Más allá de las analogías con otras formas de entretenimiento y arte reproducible, se podría argumentar que la resistencia libresca puede deberse simplemente a que no se ha producido un relevo generacional. Todavía vive mucha gente, la mayoría, que nació y creció en un mundo en que el libro era la tecnología central de conservación, transmisión y acceso al discurso escrito extenso. Pero de nuevo los datos no indican esta tendencia: los jóvenes siguen prefiriendo el libro tradicional y nada indica que vayan a dejar de hacerlo cuando se hagan mayores. Este fenómeno sugiere que hay funciones psicológicas y sociales que el formato digital no logra replicar.
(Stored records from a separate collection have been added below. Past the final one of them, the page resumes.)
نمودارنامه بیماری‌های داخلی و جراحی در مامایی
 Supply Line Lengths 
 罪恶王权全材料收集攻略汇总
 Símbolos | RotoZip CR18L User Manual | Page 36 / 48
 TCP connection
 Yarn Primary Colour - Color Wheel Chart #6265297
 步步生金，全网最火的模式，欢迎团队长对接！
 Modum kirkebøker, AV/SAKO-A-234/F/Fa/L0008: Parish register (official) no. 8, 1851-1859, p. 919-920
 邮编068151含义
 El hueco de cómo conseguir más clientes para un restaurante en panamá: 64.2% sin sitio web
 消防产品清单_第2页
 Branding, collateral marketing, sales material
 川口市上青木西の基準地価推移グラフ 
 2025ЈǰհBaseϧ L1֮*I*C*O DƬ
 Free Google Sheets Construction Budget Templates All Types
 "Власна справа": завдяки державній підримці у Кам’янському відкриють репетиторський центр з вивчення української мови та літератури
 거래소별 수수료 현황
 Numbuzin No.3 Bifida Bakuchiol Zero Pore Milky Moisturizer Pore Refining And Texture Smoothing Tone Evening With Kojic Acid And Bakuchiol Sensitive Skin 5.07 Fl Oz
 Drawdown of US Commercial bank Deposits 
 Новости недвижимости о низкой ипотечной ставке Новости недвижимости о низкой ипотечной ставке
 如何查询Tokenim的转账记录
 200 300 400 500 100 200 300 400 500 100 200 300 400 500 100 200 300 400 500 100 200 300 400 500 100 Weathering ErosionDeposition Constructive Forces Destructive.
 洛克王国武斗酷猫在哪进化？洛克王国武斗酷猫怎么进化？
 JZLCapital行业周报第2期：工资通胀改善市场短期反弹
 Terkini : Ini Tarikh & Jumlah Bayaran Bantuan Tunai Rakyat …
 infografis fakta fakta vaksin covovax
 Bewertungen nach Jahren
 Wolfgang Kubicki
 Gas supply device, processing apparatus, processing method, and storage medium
Algo debe de haber de coleccionismo e incluso de fetichismo: el libro físico es un objeto que se percibe de más valor, en el que se valora el diseño de la portada, la tipografía, la calidad del papel, que se huele y se toca. Todo eso produce una experiencia sensorial que en cierta forma revaloriza el contenido. También lo aísla. La novela, el ensayo, no es un contenido más entre otros muchos que nos reclaman la atención en cada instante: es un universo autocontenido. El libro se convierte así en un portal a un mundo único y diferenciado, sin distracciones. Una forma no digital, alejada de las pantallas y la sobreestimuación audiovisual y social, que es posible que las nuevas generaciones, que crecieron con una tableta y un smartphone entre las manos, acostumbrados al contacto constante y a la estimulación inmediata, encuentren única y fascinante.